Redeemer Classical School Board members read and discuss important works of education philosophy together, and right now we’re reading Hirsch’s The Schools We Need and Why We Don’t Have Them, a follow-up to Cultural Literacy that expands its argument. We plan to post podcasts of discussions of this and future board books, and this blog will feature excerpts of the book as we work our way through it in the next few months. Here are two.

“Although our political traditions and even our universities may be without peer, our K-12 education is among the least effective in the developed world. Its controlling theories, curricular incoherencies, and what I call its ‘naturalistic fallacies’ are positive barriers to a good education. Scholars from abroad who study American schools are astonished that our children, who score very low in international comparisons, are actually as competent as they manage to be.” By the way, this has not changed since the 1990s, when Hirsch wrote the book. “Considering their very American vitality and independent-mindedness, one thinks ruefully of what these children could become under a good, demanding, and fair educational system!”

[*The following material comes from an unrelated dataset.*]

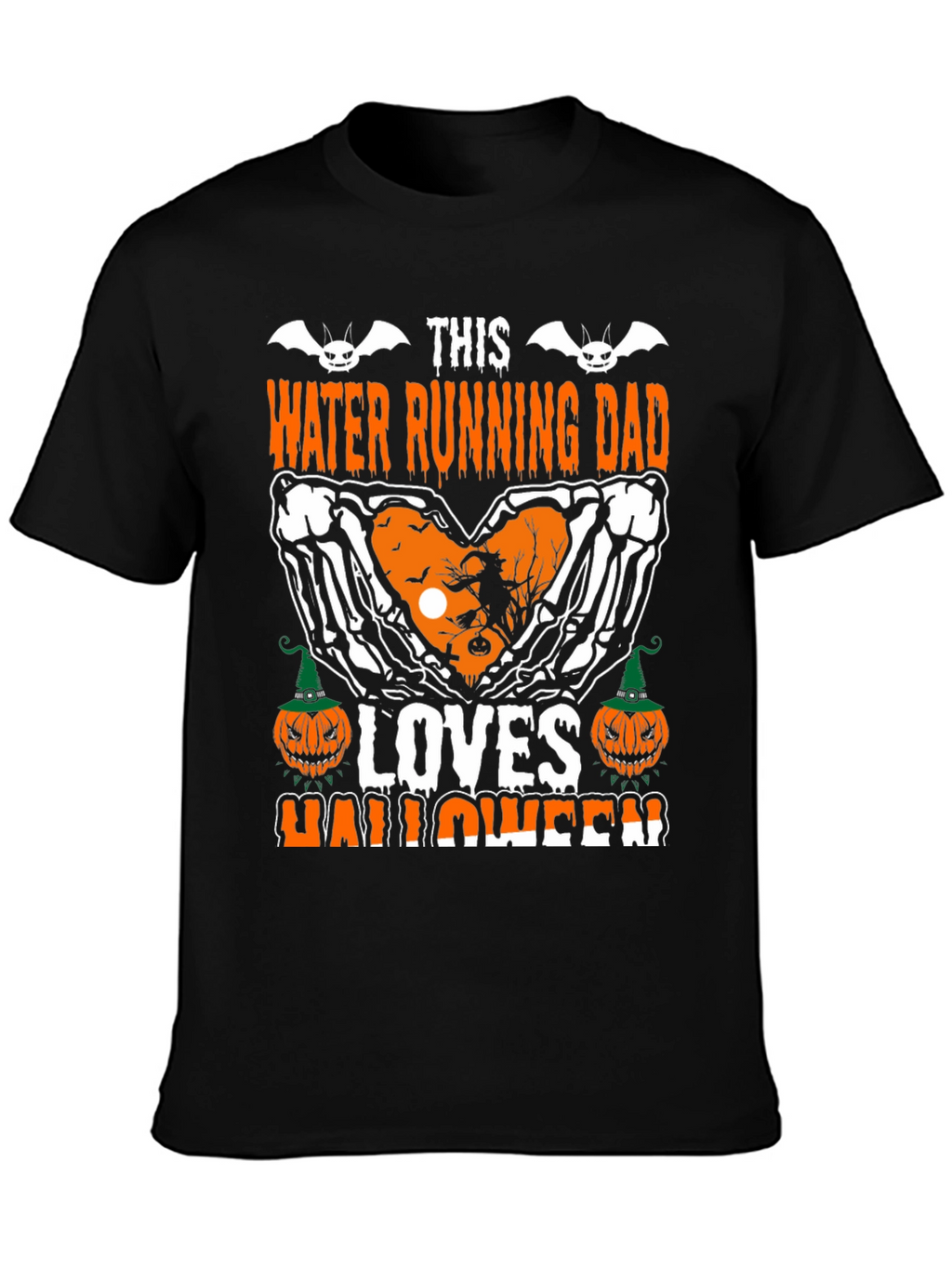 Halloween Water Running Dad Graphic Tee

“We are moving, it is predicted, toward the bookless classroom or even toward an abandonment of the classroom entirely. The school as we currently know it will be a thing of the past. Such radical, ‘break-the-mold’ thinking disarms the criticism that the ‘project method’ has been tried for many decades with generally poor results. While we wait for the bookless and brickless classroom to arrive, futuristic enthusiasm for computers serves mainly to divert attention from past failures and perpetuate progressivist thought and practice.”